Published March 06, 2014        by Rae Ann

Easter Bunny

While Easter has always been an intensely religious holiday, many of the celebrations that surround the holiday in today’s society are far more secular than religious. The brightly colored eggs, the bunny who hides them, and even the Easter baskets themselves have very little to do with the religious portion of the ceremony. Wondering how a big bunny fits into this holy day on the Christian calendar? The origins actually date back to Germany in the 1500s.

Pre-Christian Germany

Spring was long known as the season of rebirth, and one of the most fertile symbols of the season was a rabbit. It’s been said that one of Germany’s pagan goddesses named Ostara used the rabbit as a symbol. The story goes that she would turn birds into a rabbit to entertain the children. The rabbit would then lay eggs to give to the children as presents.

Ostara, though, isn’t the only name you may see. There are a variety of different names for her in the history books including Eostre and Eostra. There have even been suggestions that she didn’t exist. Instead, some say, the Venerable Bede invented her in one of his books.

Early Recordings

While it’s not clear exactly when the tradition of the Easter Bunny began to mix with the growing trend of Christianity, there is some evidence that by the 15th century, it was already becoming a stronger symbol. At the time, it remained a simple symbol of the holiday.

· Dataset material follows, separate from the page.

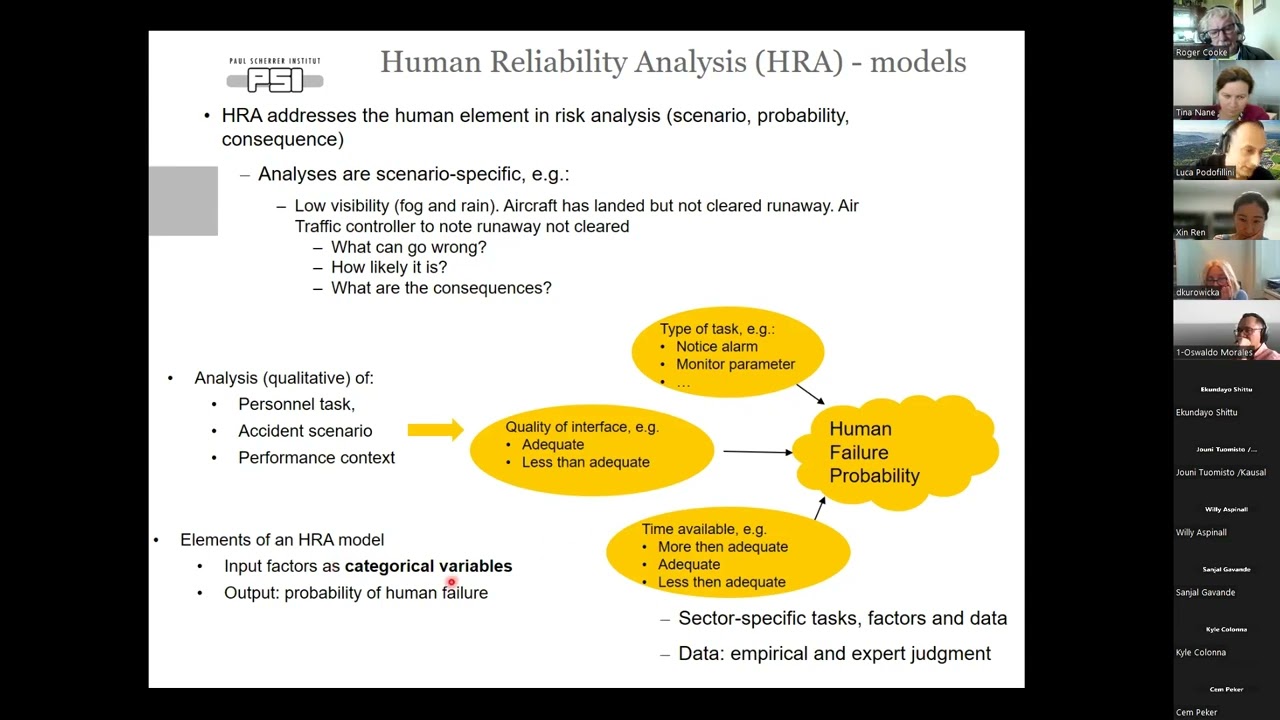 Luca Podofillini: Models for human reliability analysis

In the mid-1700s, German settlers were moving into the American colonies, and with them came the traditional bunny symbol. Young children at the time thought the bunny, dubbed Oschter Haws, would lay a nest of eggs, brightly colored, if the children were good. By the time of the Civil War, the tradition was spreading throughout the U.S. fairly quickly.

By the 1800s, Germans were beginning to produce edible bunnies to help celebrate the holiday. The first bunnies were pastries, but from there, the tradition began to spread heavily. Eventually, pastries turned to the chocolate bunnies so many look forward to today.

The Added Traditions

The Easter Bunny has a number of add-on traditions, many of which have been part of the tradition from the early days. From the earliest recordings, eggs have been part of the story of the Easter Bunny. They were even colorful at the time. While the eggs have long since morphed into plastic eggs filled with treats, they remain an important part of the holiday. Wondering why eggs were the choice?  They’re not only a symbol of fertility, but they were also plentiful as spring came around. They were colored with a variety of natural materials in the early days.

The Easter baskets are a big part of this story, too. The story originally included a nest that children made for the Easter Bunny. The nests were initially made from a boy’s cap or a girl’s bonnet, which may have led to the tradition of elaborate bonnets for the girls. Slowly the nests morphed into baskets as the tradition continued to spread.

No matter where the Easter Bunny came from, this spring tradition is only getting bigger as it moves forward. While it may seem a spring Santa these days, the rich history suggests differently.